En esa parte de la obra no se puede sentir pena por quienes quedaron en el camino, ellos también evolucionan de ‘suspirantes’ a ‘amarrados’. Son, en realidad, la red de seguridad del candidato. Mientras esté atado y bien atado el acuerdo transexenal con ellos, no hay viento que despeine a nadie. Claro, nunca falta aquel inquieto que no obedece a los signos de los tiempos y sale a cantar desafinado ‘El hijo desobediente’; pero el ritual -pura sabiduría ancestral- le tiene su lugar reservado: el ennegrecido panteón de ‘los quemados’, los que no sólo se movieron de la foto sino que andaban robando cámara. Dirán que el tiznado se lo ha ganado; pero no siempre es así, hay verdaderos mártires de la política, víctimas solas de su inmensa inocencia.
En los últimos veinte años, esta ancestral danza ha sido reinterpretada básicamente desde la debilidad e indisciplina de cada régimen. En el fondo, nunca dejaron de existir los tapados ni los quemados; sólo los ‘amarrados’ salieron de la ecuación y con ellos terminó la simulada estabilidad pero también se hicieron más complejas las componendas.
Hoy nos encontramos en los liminares de la campaña presidencial del 2024; parece demasiado temprano pero la lógica indica que siempre es tarde cuando hay un solo destino.
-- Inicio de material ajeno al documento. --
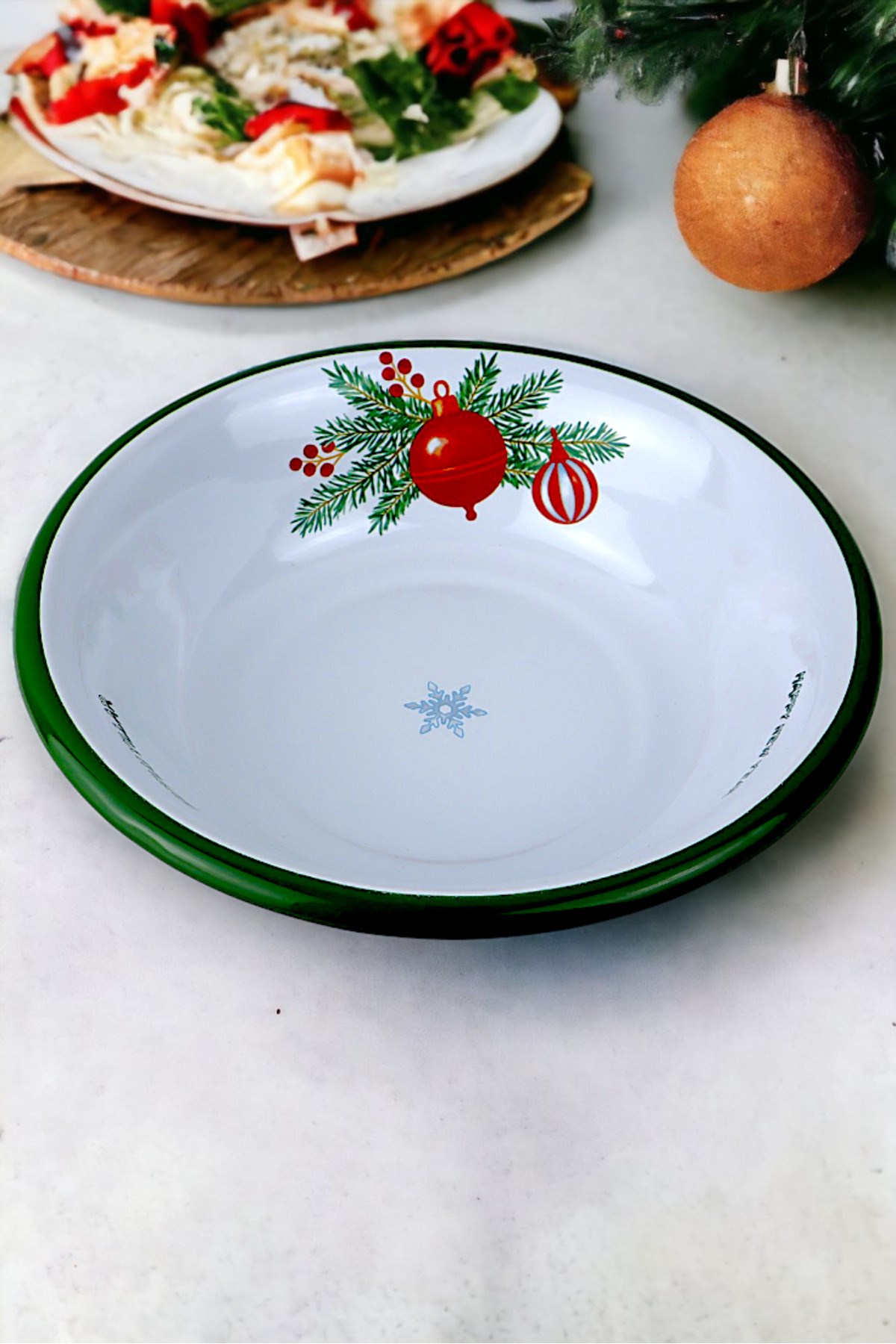 24 Cm Emaye Kase Tabak, Çukur Tabak, Salata Tabak, Cips Tabak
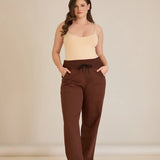 Спортен широк панталон с цепки - кафе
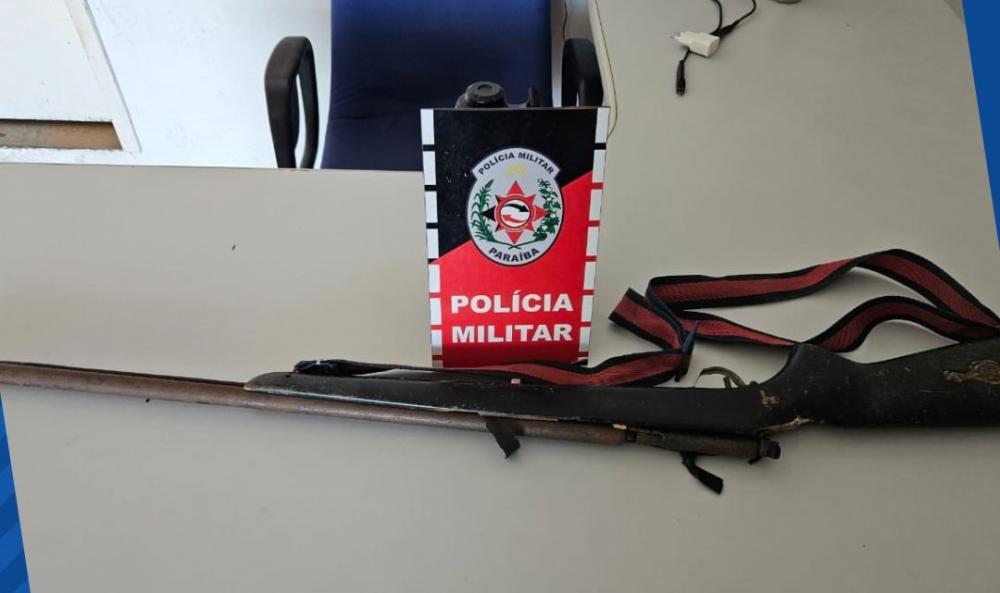 PM recolhe arma de fogo neste domingo (07) na zona rural de Junco do Seridó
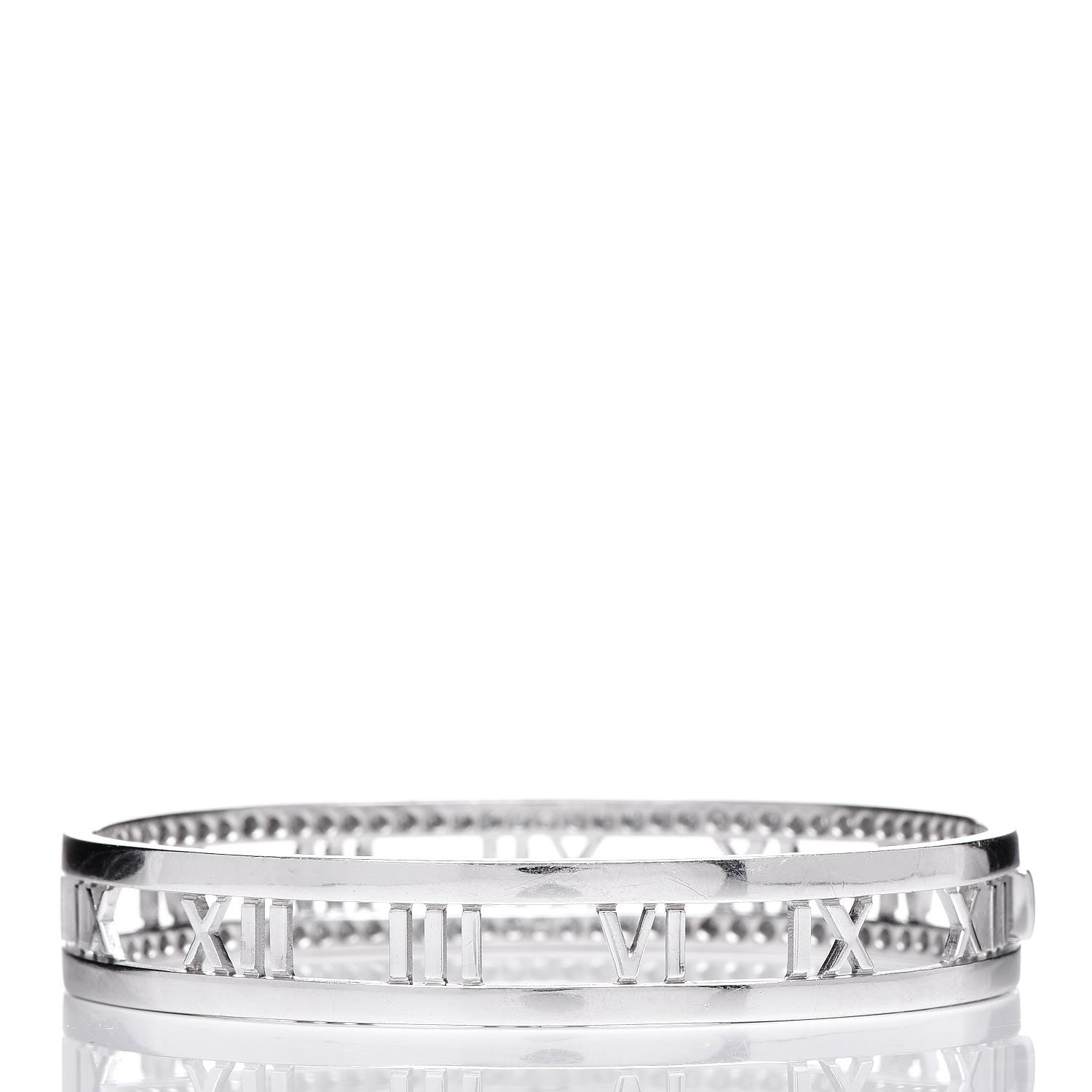 Tiffany 18K White Gold Diamond Atlas Open Hinged Bangle Bracelet 3 of 5
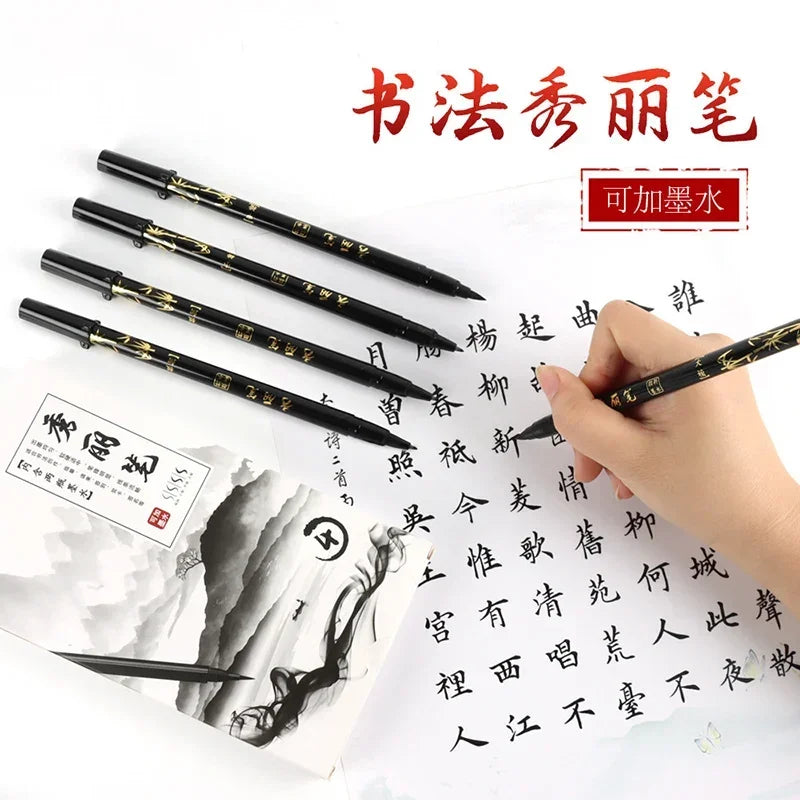 Buy The Best By Artsulli - Art is Long Life Short - Brush Lettering Pens Set Black Ink Refillable Calligraphy Pen Markers Writing Office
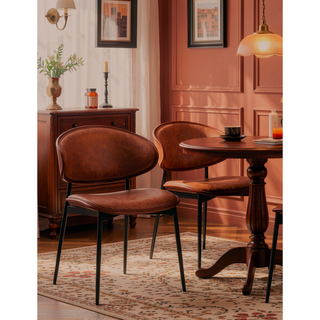 Sunvega Italian Mid-Century Modern Dining Chairs Set of 2 with PU Leather Seating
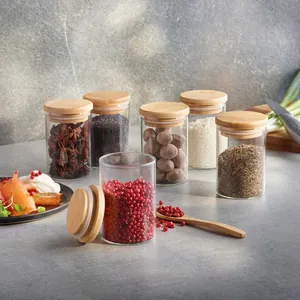 Set di 6 Barattoli di Vetro Rotondi Trasparenti Con Coperchi Ermetici in Bambù Contenitori per Spezie e Alimenti per Cucina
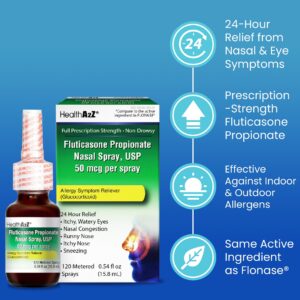 HealthA2Z® Fluticasone Propionate Nasal Spray | 240 Sprays | 50 mcg per Spray | 24 Hour Allergy Relief | 120 Sprays x 2 Pack | Relief from Nasal Congestion | Runny Nose | Sneezing - Image 15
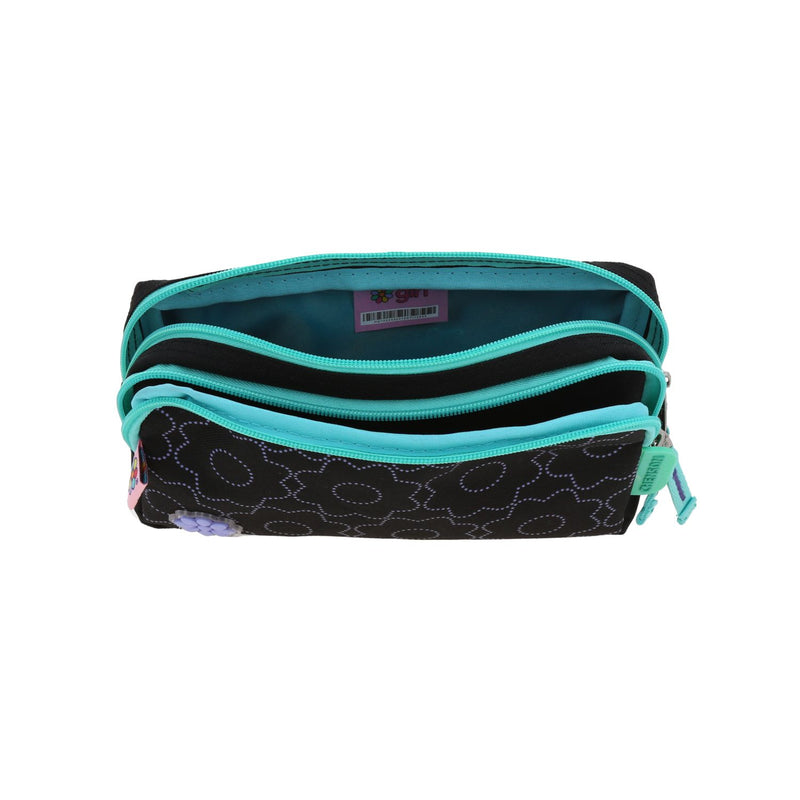 Lapicera Negra Con Flores Happy Girl Cienta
El régimen, debemos admitir, goza de salud política (otra cosa es la eficiencia administrativa); pero la robustez en la complicidad entre el partido y el gobierno obliga a pensar cómo continuará esta contienda que no sólo se juega el solio de poder sino la trascendencia del proyecto político. Dice el clásico que si es difícil ganar, más díficil es cuidar.
Podrán llamarlas ‘corcholatas’ pero todo parece indicar que nos encontramos en el primer acto de la tradicional sucesión presidencial. Por ahora, sólo hay saludos y sonrisas, hay pequeñas batallas para aparecer y lucir en los espacios públicos. Pero vendrán las tormentas y, si llega a faltar la disciplina siempre habrá quien imponga el chitón.